_Exercise_. Write out exactly the lines between the line containing "Image for Chris" and the end of the records, counting both ends, and leave out all pictures.

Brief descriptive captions
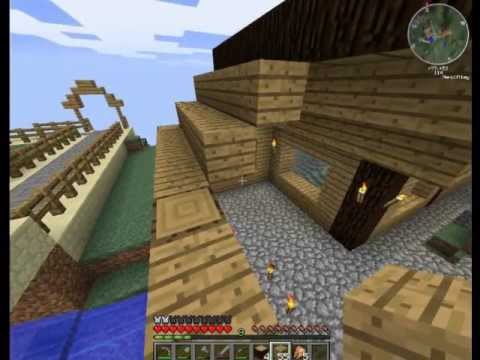 Opa spielt Minecraft 119 - Hoteldach, die Dritte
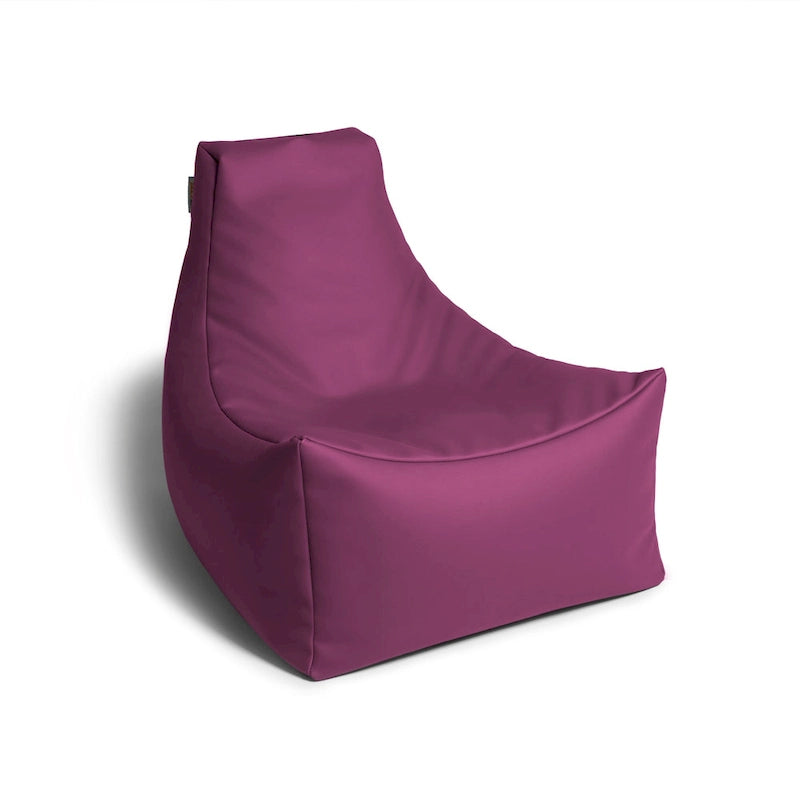 Poltrona Sacco per Bambini - Vinile Premium, Colori Multipli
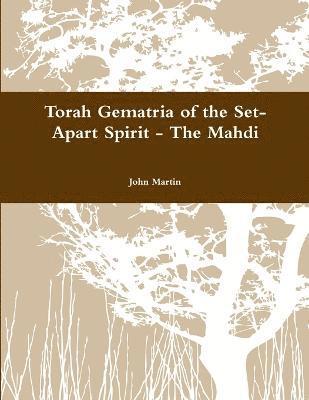 bokomslag Torah Gematria of the Set-Apart Spirit - the Mahdi
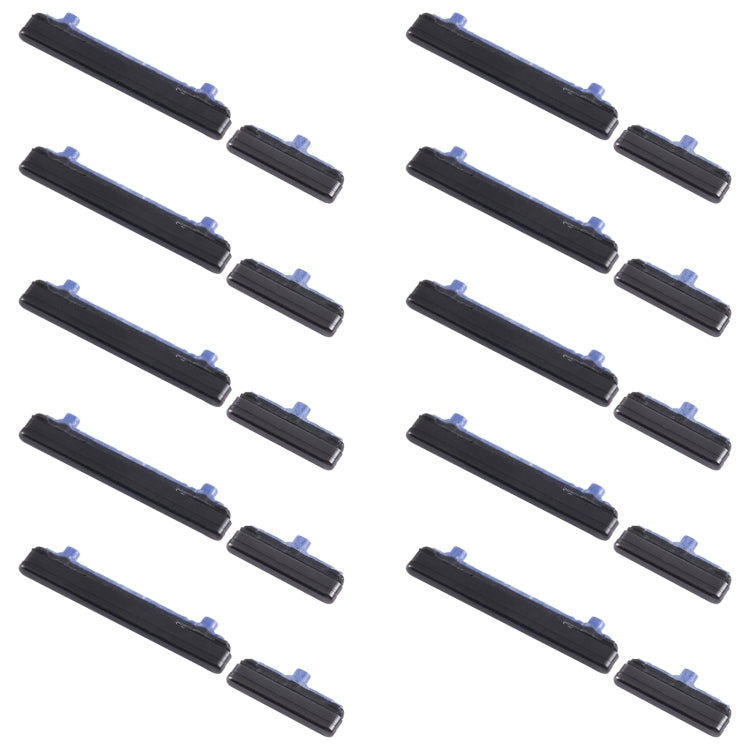 For Samsung Galaxy Note20 SM-N980 10pcs Power Button + Volume Control Button(Black) - free shipping - PMc TechLife - Order now!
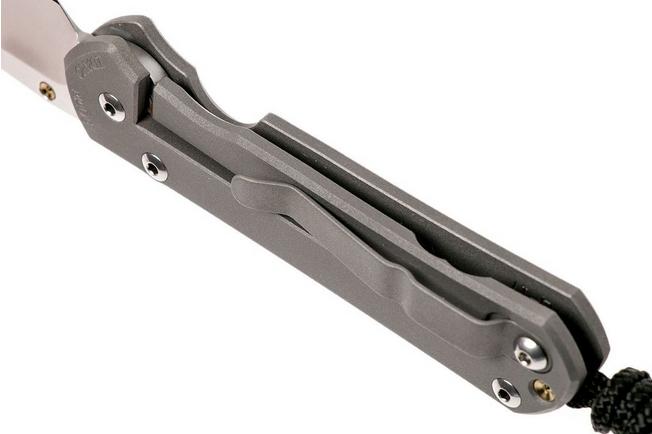Image for Chris Reeve Small Sebenza 21 Leopard CGG S21-1048 pocket knife
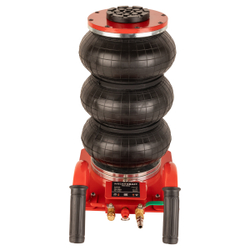 WDK-81813A Домкрат пневматический 3т, 145-440 мм, с короткими ручками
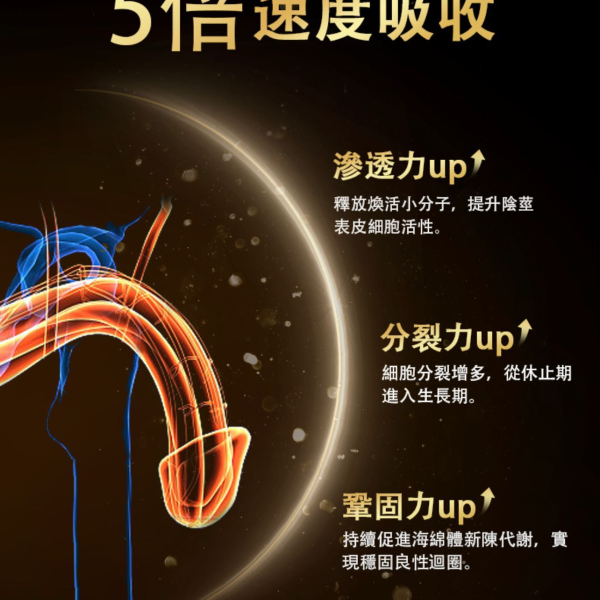 Drpapa 四代頂級極限陰莖增大膏 （1個療程） 4盒裝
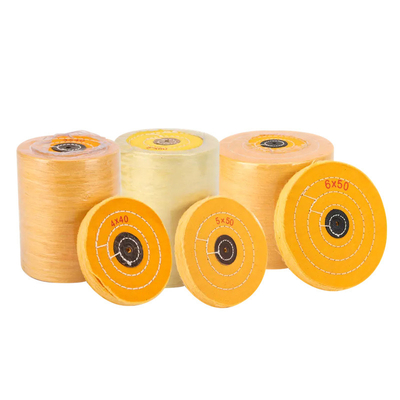 Dental Lab Polishing Buffing Cotton Wheel Abrasive Material Dental Buffing Wheels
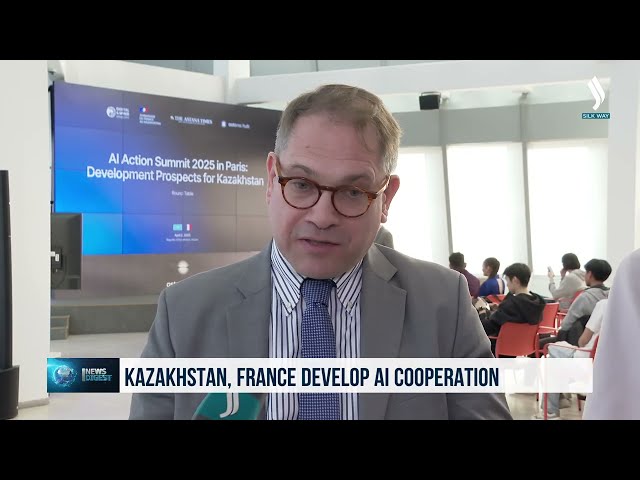 Kazakhstan, France develop AI cooperation
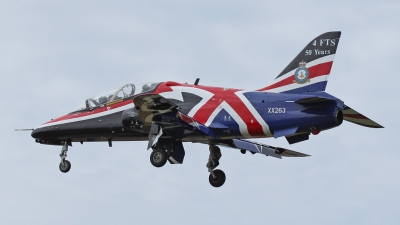 Photo ID 52879 by Mike Griffiths. UK Air Force British Aerospace Hawk T 1A, XX263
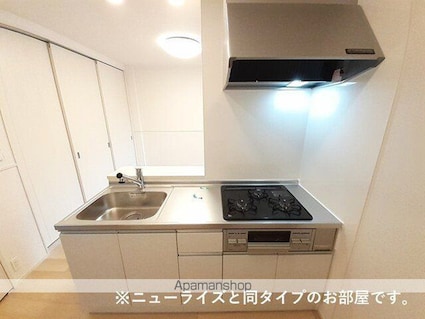 ソレイユカヤノⅥ[2LDK/56.48m2]のキッチン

_Response box_.
Image for Chris Reeve Small Sebenza 21 Leopard CGG S21-1048 pocket knife
 WDK-81813A Домкрат пневматический 3т, 145-440 мм, с короткими ручками
 Drpapa 四代頂級極限陰莖增大膏 （1個療程） 4盒裝
 Dental Lab Polishing Buffing Cotton Wheel Abrasive Material Dental Buffing Wheels
 Kazakhstan, France develop AI cooperation
 Photo ID 52879 by Mike Griffiths. UK Air Force British Aerospace Hawk T 1A, XX263
 ソレイユカヤノⅥ[2LDK/56.48m2]のキッチン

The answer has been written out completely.